The Walking Dead's series premiere last week was a massive critical and commercial success, netting glowing reviews and garnering AMC its largest audience ever. Last week, the question was whether or not zombies can work on television; this week, the question is whether or not zombies can work on television week-to-week. Unfortunately, that question still has yet to be answered. The Walking Dead still has lots of potential, but the second episode, "Guts," doesn't live up to the promise of the stellar series premiere.
To be fair, "Guts" has a lot of heavy lifting to do. The Walking Dead premiere was so strong, in part, because it eschewed a lot of the conventions of traditional series premieres—like character introductions and explanatory dialogue—in favor of striking imagery and tense, no-time-to-think action. That leaves "Guts" with the necessary chore of introducing the show's large ensemble cast, which seems, at this point, to have been cobbled together from an assortment of zombie movie clichés.
Though none of characters is as interesting as last week's Morgan, this episode's standout is Glenn (Steven Yeun), a resourceful, quick-witted young man who saves Rick from a horde of zombies and introduces him to the group. Glenn's wry comments provide much-needed comic relief, but he's also essential to the team's survival, making him at least two-note while the rest of the characters remain one-note.

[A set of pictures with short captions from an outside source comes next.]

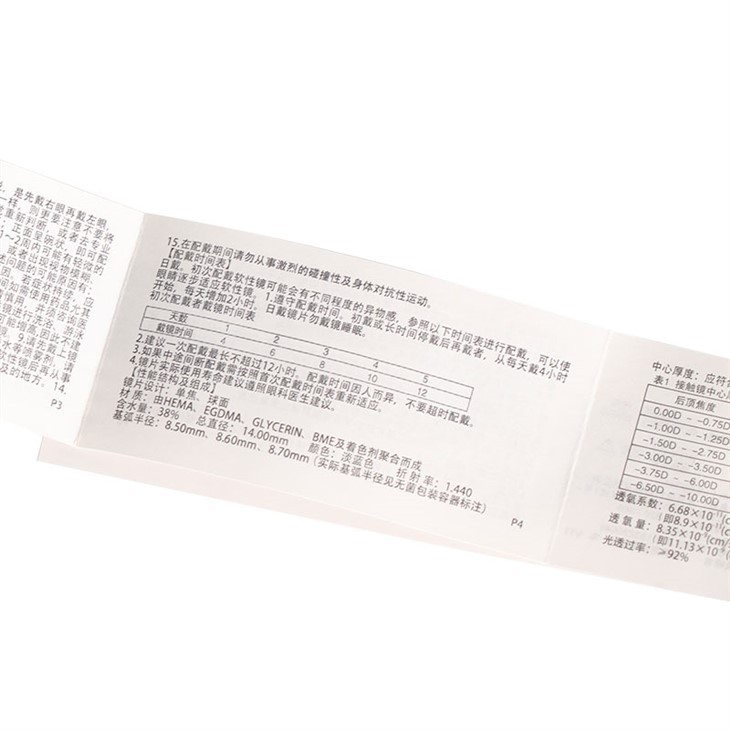 Custom Multi-layer Stickers factory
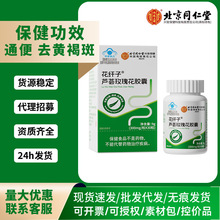 ����ͬ�����J�Cõ�廨�z�ұ�����ͨ�����S�ְ��p��Ч�F؛���l���l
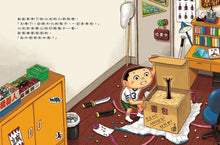 Load image into Gallery viewer, 神奇的甲蟲書包
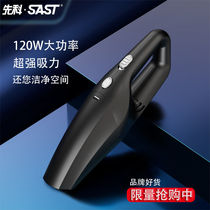 Schenko mini vacuum cleaner car home wireless wet and dry charging handheld portable small car vacuum cleaner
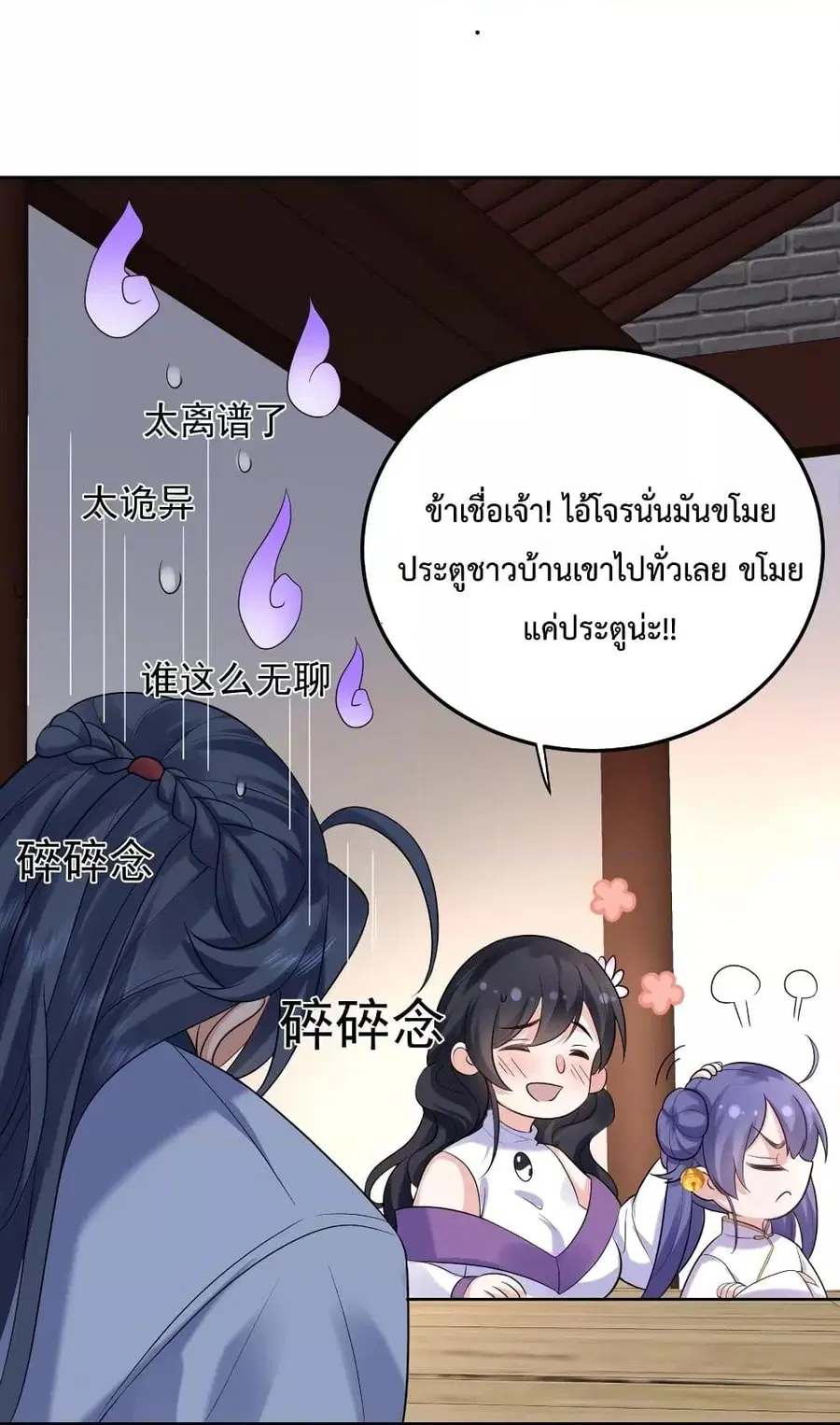 หน้า 50 จาก 61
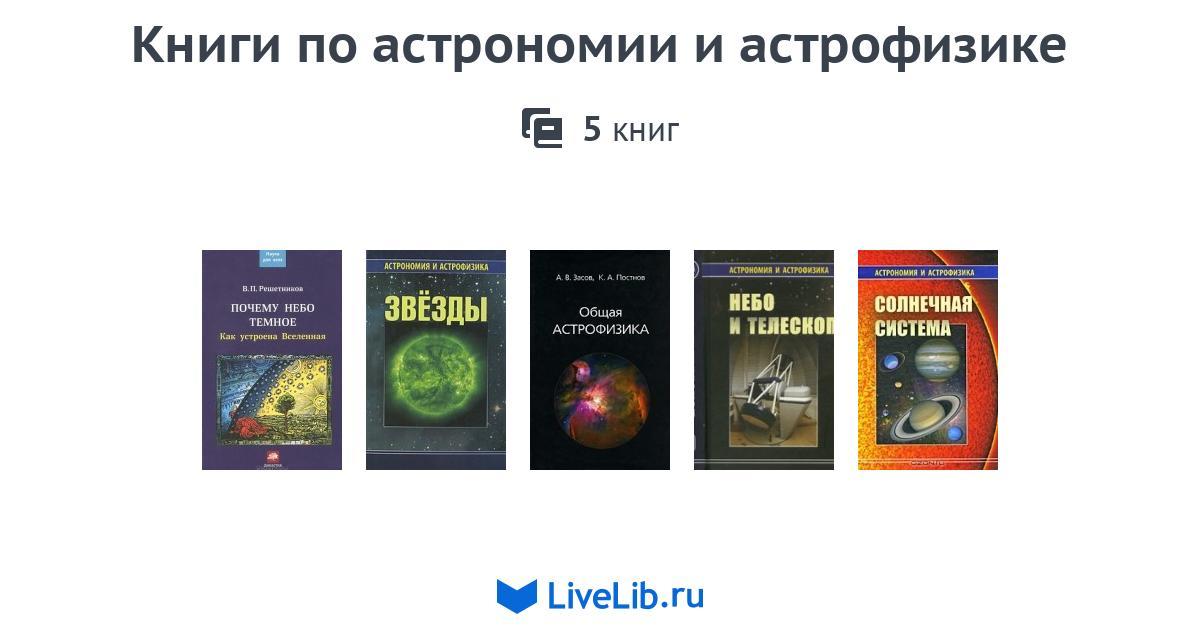 Книги астрофизиков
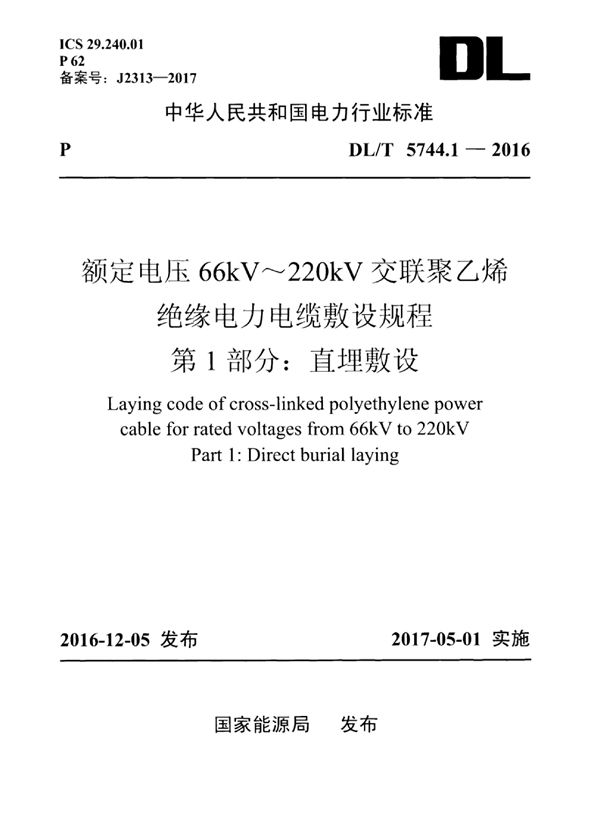 DL/T 5744.1-2016 额定电压66kV~220kV交联聚乙烯绝缘电力电缆敷设规程 第1部分:直埋敷设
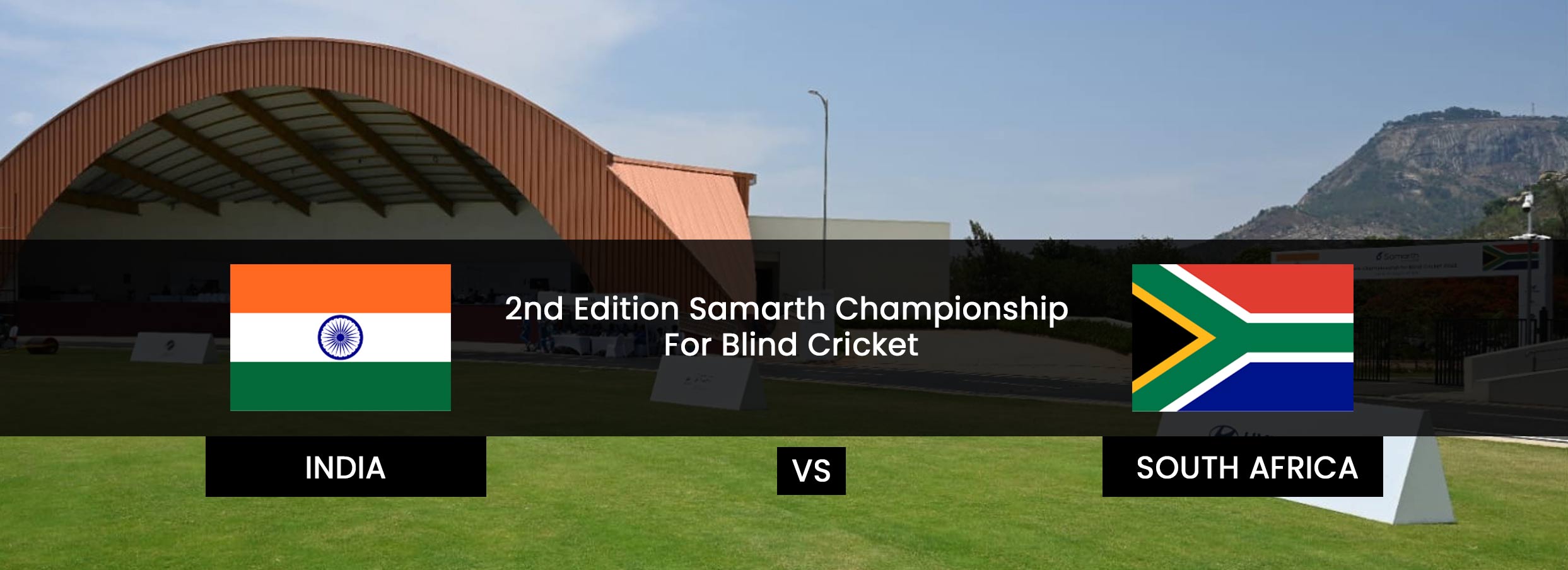 2nd Edition Samarth Championship For Blind Cricket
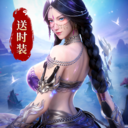 神迹觉醒-送永久时装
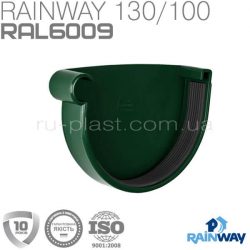 Заглушка желоба левая зелёная RAINWAY 130мм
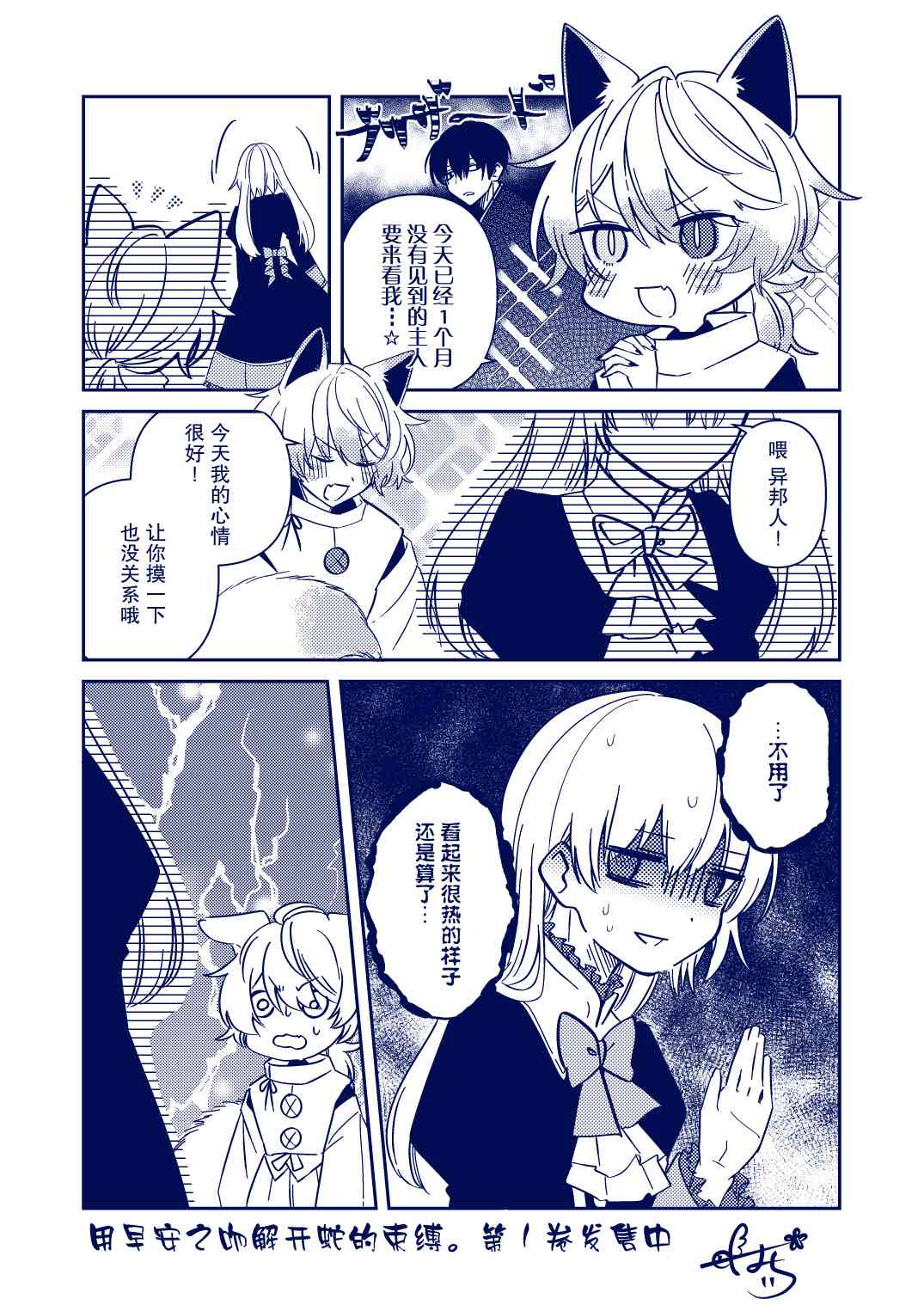 用早安之吻解开蛇的束缚 番外篇04 第15页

The new characters who get the most screen time in "Guts" are Andrea (Laurie Holden) and Merle Dixon (Michael Rooker). When Glenn leads Rick into the room, Andrea flies into a rage, shoves a gun in Rick's face, and screams that he's doomed them all, which is not a great way to make an audience sympathize with a character (and her "my sister loves mermaids" speech later in the episode is too cursory to redeem her completely). Though she calms down, and clearly takes a liking to Rick before long (perhaps a Rick-Lori-Shane-Andrea love quadrilateral?), there's not much in this episode that defines Andrea beyond having a temper.
The racist, meth-addicted Merle Dixon is even less well-defined—the decisions he makes are barely coherent. He's introduced wasting valuable ammunition by sniping at random zombies, and then picks a fight with T-Dog (Robert "IronE" Singleton) almost immediately. None of this makes any sense. Merle has been traveling with the group, apparently without significant conflict, since they first came to Atlanta, and he decides that a zombie attack that literally requires cooperation for survival is the right time to alienate everyone. No plausible explanation is ever given for this decision, and that's because there isn't one. Merle's not insane, either; in fact, his conversation with T-Dog shows him to be fairly crafty. His attack on the group is just a plot-convenient way to let Rick step in and stop Merle to prove to the group that he's a hero.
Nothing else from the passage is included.